World-Renowned Chef David Burke Visits Kitchen Council
Last month, we had the honor of hosting internationally acclaimed Chef David Burke at Kitchen Council. Chef Burke is owner of countless restaurants and best known for his appearances on cooking shows including Top Chef Masters. Three members had the opportunity to create an innovative dish, present that plate to Chef Burke in an intimate setting and battle for most delicious creation.
Chef David Burke is acknowledged as a leading pioneer in American cooking. Burke, a New Jersey native, is also recognized internationally for his revolutionary techniques, exceptional skills, successful restaurant empire and his many TV appearances. In the parlance of today’s celebrity driven culture, he is a rock star of the culinary world.
At just 26, Burke’s kitchen mastery won him the executive chef position of New York City’s legendary River Café. While there, he became the first American ever to win the prestigious Meilleurs Ouvriers de France Diplome d’Honneur, cementing his reputation as a leading international chef. He subsequently won Japan’s Nippon Award for Excellence, the Robert Mondavi Award of Excellence and two nominations for James Beard Best Chef. Burke was also awarded a coveted three-star New York Times review for the River Café and later became a familiar guest on TV’s Top Chef.
During his visit to Council Bluffs, Chef Burke’s larger-than-life presence and wit had everyone on pins and needles in anticipation. The three brave entrepreneurs who accepted the challenge included Stacie Van Cleave of Veg.Edible, Dan Benigno of Chef Around the Block and Alejandra Valdez of Viva Fit Kitchen.
First up, Veg.Edible was the boldest in presenting a vegan “Fried Chick’n Bacon Ranch” sandwich to the meat master. Stacie whipped up a crispy battered and fried oyster mushrooms, smokey mushroom bacon, lettuce, tomato and dilly ranch piled on a toasted gluten free bun. Stacie’s boldness intrigued Chef Burke.
Next up was Chef Around the Block who presented his famous twist on the chicken and waffle. Dan used an original recipe for his popcorn chicken, roasted garlic mashed potatoes in a waffle cone drizzled with maple syrup. Chef Burke was most impressed with Dan’s famous mashed potato and creative presentation.

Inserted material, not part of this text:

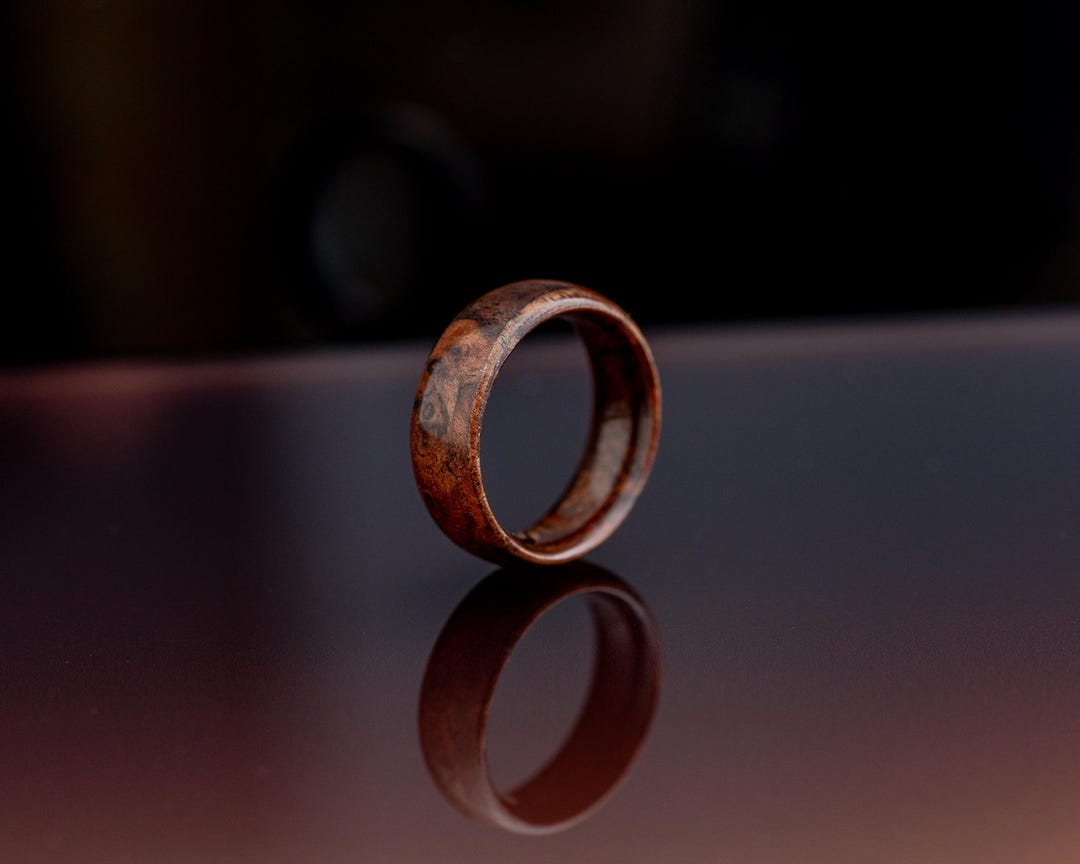 Handmade Walnut Burl Bentwood Ring - Hand Turned Size 8.75 Figured ...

Lastly, Viva Fit Kitchen leaned into her Mexican roots and went more traditional but this did not lack in taste or color. Alejandra featured a lean sirloin sautéed in a homemade tomatillo sauce paired with rice and topped with pico. Chef Burke revealed he’s a “rice guy” and proceeded to compliment the heritage behind the dish along with its vibrancy and flavor. He went back for seconds.
Chef Burke certainly struggled in making a final decision as he carefully deliberated. Despite Chef Burke being known for his elaborate meat dishes, he chose the vegan chef! Congratulations to Stacie with Veg.Edible!
We appreciated Chef Burke’s willingness to play along in our own version of Top Chef. Kudos to the three members who braved the culinary stage. Chef Burke shared about his rise to the top and humble beginnings. Everyone knows that food entrepreneurship is tough and not always lucrative to begin with. A bit of grit, however, paired with a little risk taking and some humor can go a long way. Chef Burke, you’re welcomed back anytime.